By Muhammad Tahir
ISLAMABAD, March 18 (Xinhua) -- Although the interim government that will be created in Pakistan in a week's time will focus on the holding of a free, fair and transparent elections, security will be its biggest challenge as the country still faces the ruthless Taliban militants who routinely target politicians in their terror campaign.
The Taliban offer for conditional talks with the government in early February had raised some hopes for an end to bloodshed. However, its refusal to stop attacking civilians and political figures before negotiations can start had faded hopes for achieving peace in the country.
Last month, Taliban Spokesman Ehsanullah Ehsan publicly threatened attacks on the leaders of three major parties, the Pakistan's Peoples Party, the Mutahida Qaumi Movement and the Awami National Party for their support to the operation of the country's security forces against them.
Pakistan's National Assembly and the Federal Cabinet have been dissolved after they have completed their five-year constitutional term and a caretaker government will take over within one week to supervise the parliamentary elections to be held within two months.
Prime Minister Raja Pervez Ashraf told the nation in a televised address late Saturday that the process of consultation with the opposition is underway for a caretaker government.
The government and the main opposition, Pakistan Muslim League( PML-N), have not yet reached a consensus on the choice of a prime minister and the process will now take a little more time.
The process could even result in a deadlock since both sides have rejected each other's nominees for the post.
If both sides could not resolve the issue of the caretaker prime minister in three days, then it will be referred to an eight- member parliamentary committee with equal representation from the government and the opposition.

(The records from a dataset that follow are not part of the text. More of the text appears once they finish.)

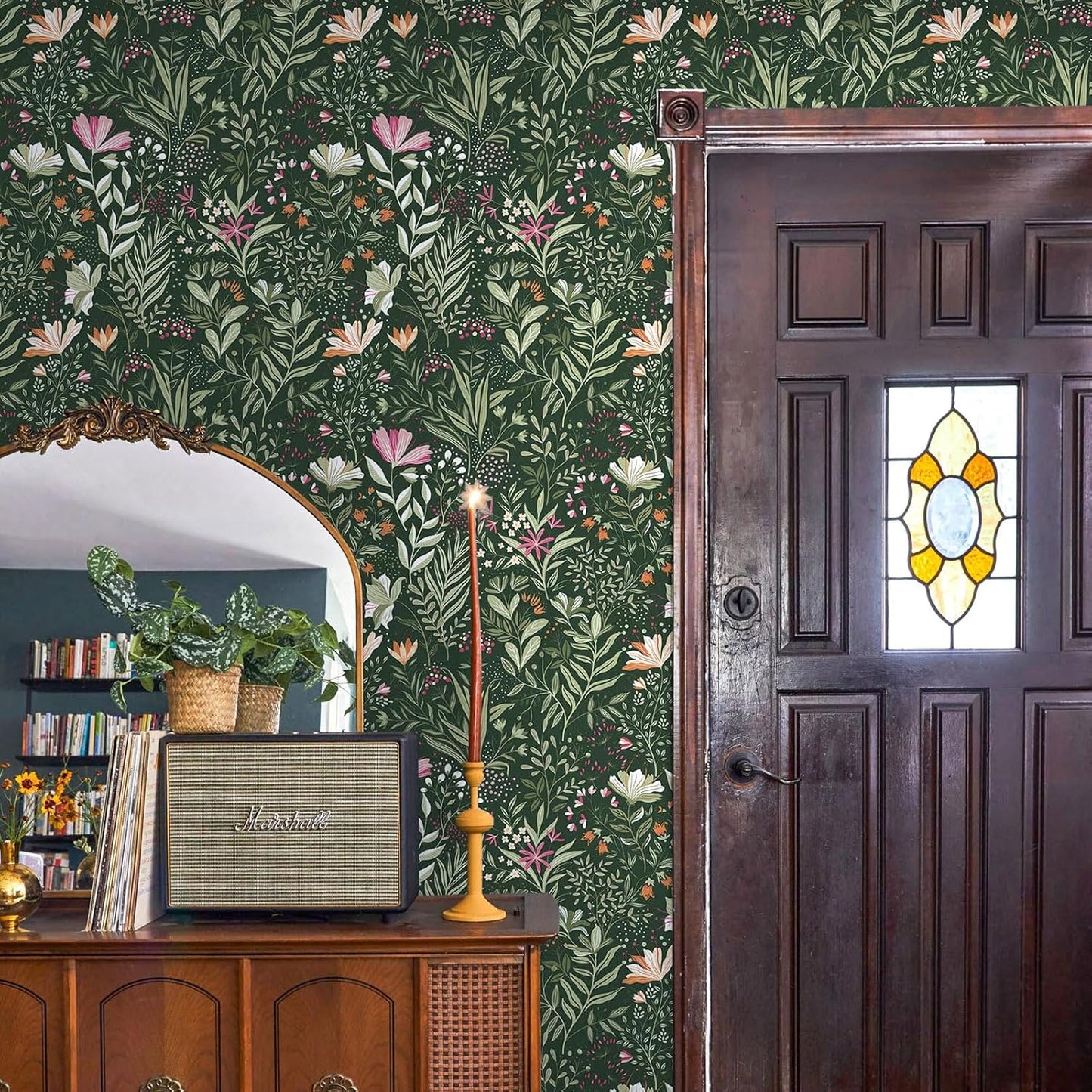 Fititem Floral Peel and Stick Wallpaper Boho Floral Contact Paper Modern Flower Removable Self Adhesive Waterproof Wallpaper for Bathroom Bedroom Fun Wildflower Contact Paper Cabinets 17.3inW 78.7inL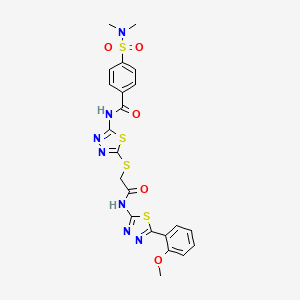 molecular formula C22H21N7O5S4 B2452010 4-(N,N-二甲基氨磺酰基)-N-(5-((2-((5-(2-甲氧基苯基)-1,3,4-噻二唑-2-基)氨基)-2-氧代乙基)硫)-1,3,4-噻二唑-2-基)苯甲酰胺 CAS No. 389073-61-4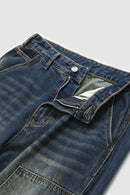Washed Utility Straight-Leg Jeans - Blue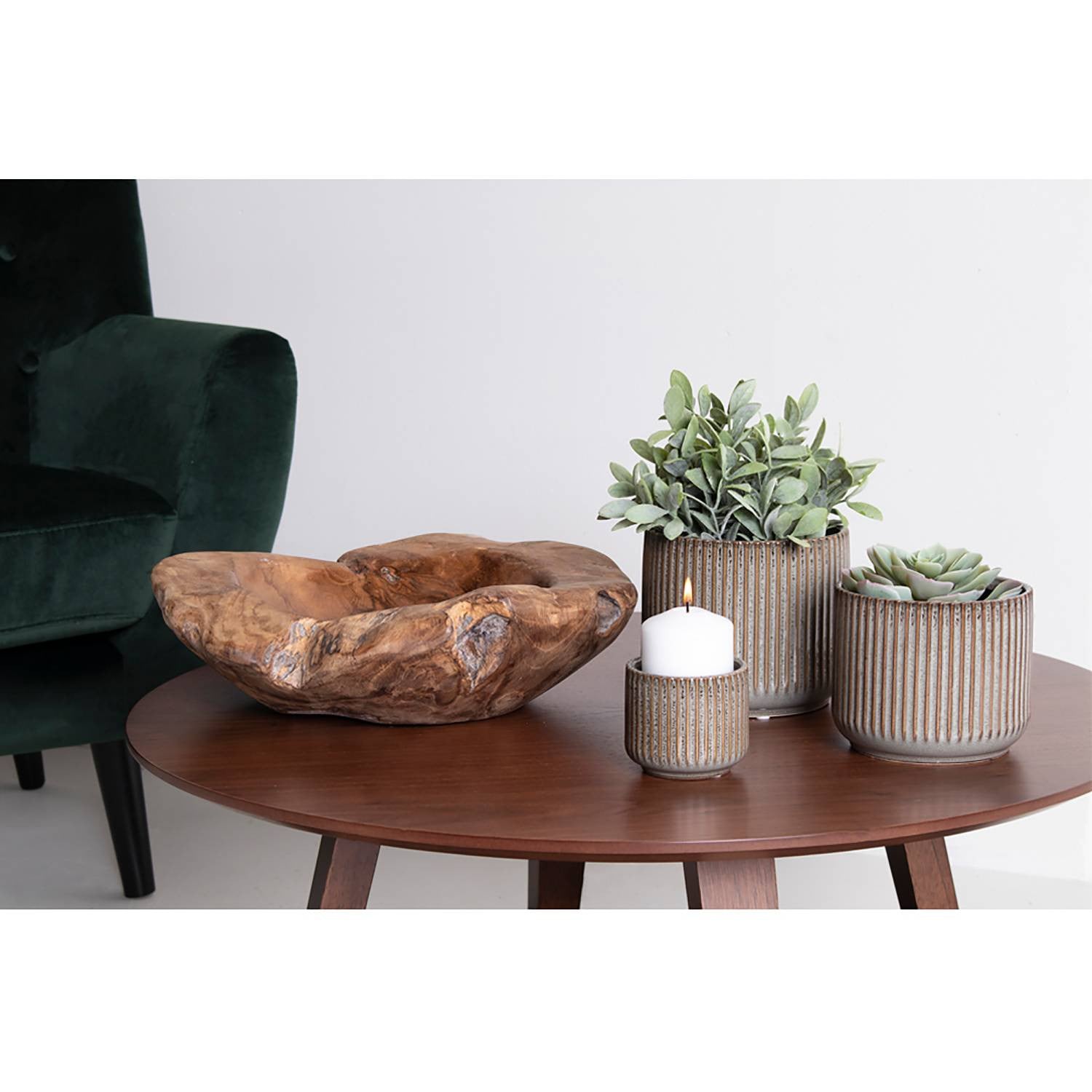 home24 Ronde houten schaal bruin Ø 40 cm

If the parliamentary committee again fails to come up with a consensus, then the issue would be referred to the Chief Election Commissioner who will have the final decision on the matter.

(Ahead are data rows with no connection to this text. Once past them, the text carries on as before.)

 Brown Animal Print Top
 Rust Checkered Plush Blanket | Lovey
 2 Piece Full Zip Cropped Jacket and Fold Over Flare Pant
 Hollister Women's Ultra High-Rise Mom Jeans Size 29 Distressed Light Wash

Because of security concerns, the Chief Election Commissioner has sought the help of the country's powerful army to assist the police in the holding of a peaceful and clean elections in sensitive areas.
Army Chief General Ashfaq Pervez Kayani has assured Pakistanis that it will provide full support to the authorities in the conduct of the elections.

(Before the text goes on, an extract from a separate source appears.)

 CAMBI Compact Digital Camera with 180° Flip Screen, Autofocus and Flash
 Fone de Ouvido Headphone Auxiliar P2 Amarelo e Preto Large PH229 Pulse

Security analysts here said that dealing with continued threat of terrorism and violence is still the biggest challenge to the interim government before and during the elections.
They also said that if the interim government could not maintain peace during the elections, this could result in a failure of elections in some areas.
A tribal jirga or council of elders has already contacted the Taliban and appealed to them to give the election process a chance.
The interim government will also have to ensure a transparent and credible election since certain quarters have always cast doubts on the credibility of almost all previous elections.
New elections are scheduled to be held in May and political activities will get momentum in the coming days.
The Election Commission of Pakistan is likely to announce election schedule within a week. The commission has already printed nomination paper for the candidates.